Try it:
Below is a listing with pictures. Repeat exactly the lines starting at the one holding "Μυστικά των Χταποδιών" and going on through the one holding "Potted Golden Pothos", and leave every picture out.

Data section:
Segment Open

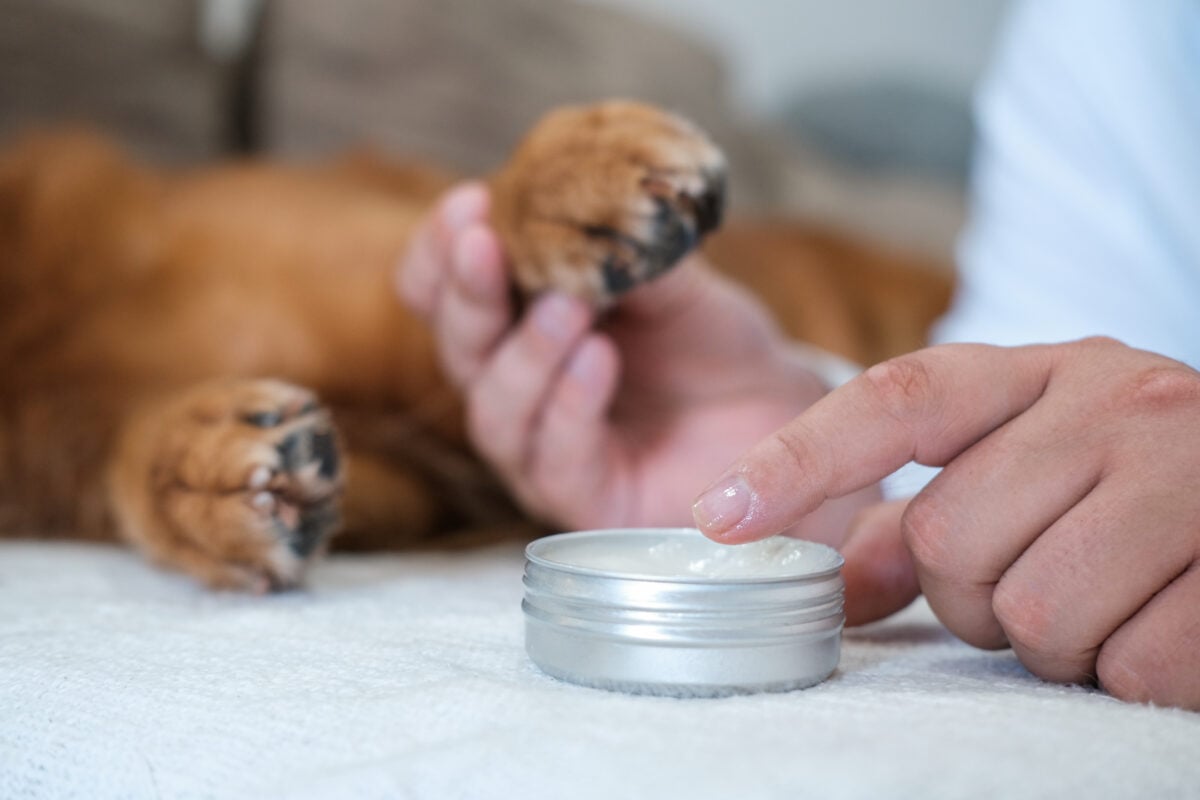 A close-up of a man hands applying cream to the paw of his Golden Retriever.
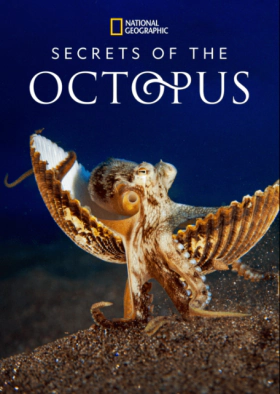 Μυστικά των Χταποδιών / Secrets of the Octopus (2024)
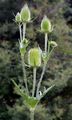 Cut-Leaved Teasel - Dipsacus laciniatus L.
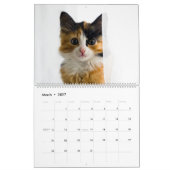 Peekaboo Cat Calendar Kalender (Mär 2027)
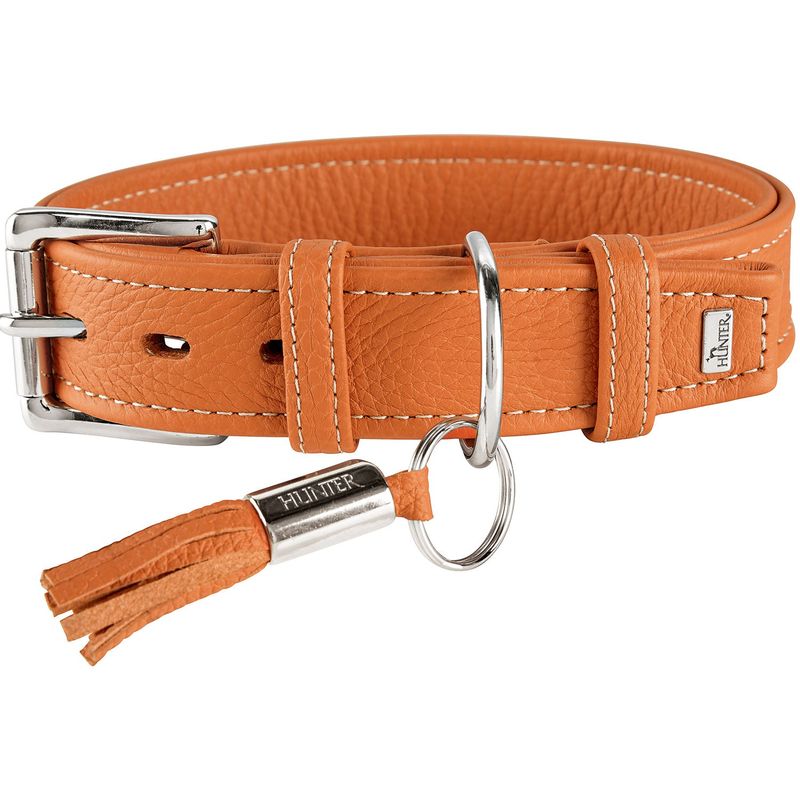 HUNTER collier pour chien Cannes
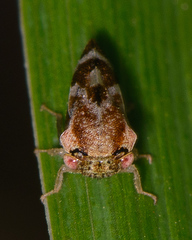 Cyrtolobus tuberosus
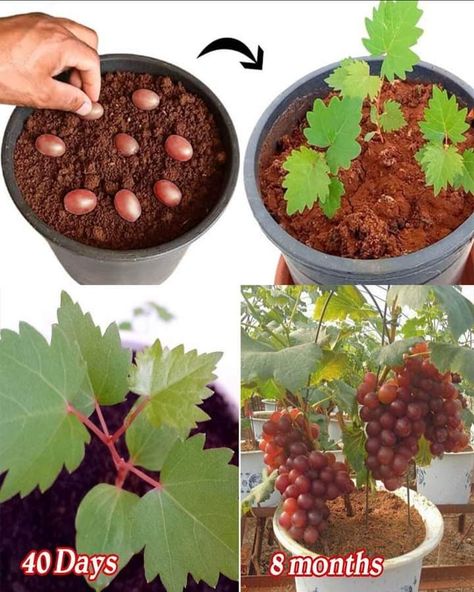 Apartment Vegetable Garden, Pesticides For Plants, How To Grow Grapes, Grape Vine Plant, Grow Grapes, Grape Plant, Garden Watering System, Plants And Gardening, Grape Varieties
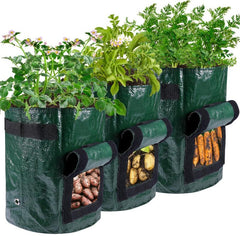 DIY Potato Grow Container Bag Planting Easy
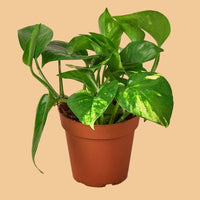 Potted Golden Pothos plant with green leaves on a peach background.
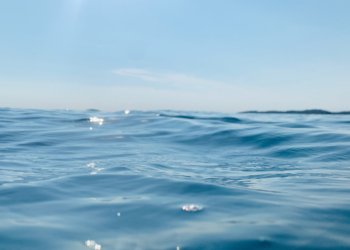 Brasil tenta estruturar fiscalização para proteger 30% de suas águas marinhas até o ano de 2030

Segment Closed

Response area:
 Μυστικά των Χταποδιών / Secrets of the Octopus (2024)
 Cut-Leaved Teasel - Dipsacus laciniatus L.
 Peekaboo Cat Calendar Kalender (Mär 2027)
 HUNTER collier pour chien Cannes
 Cyrtolobus tuberosus
 Apartment Vegetable Garden, Pesticides For Plants, How To Grow Grapes, Grape Vine Plant, Grow Grapes, Grape Plant, Garden Watering System, Plants And Gardening, Grape Varieties
 DIY Potato Grow Container Bag Planting Easy
 Potted Golden Pothos plant with green leaves on a peach background.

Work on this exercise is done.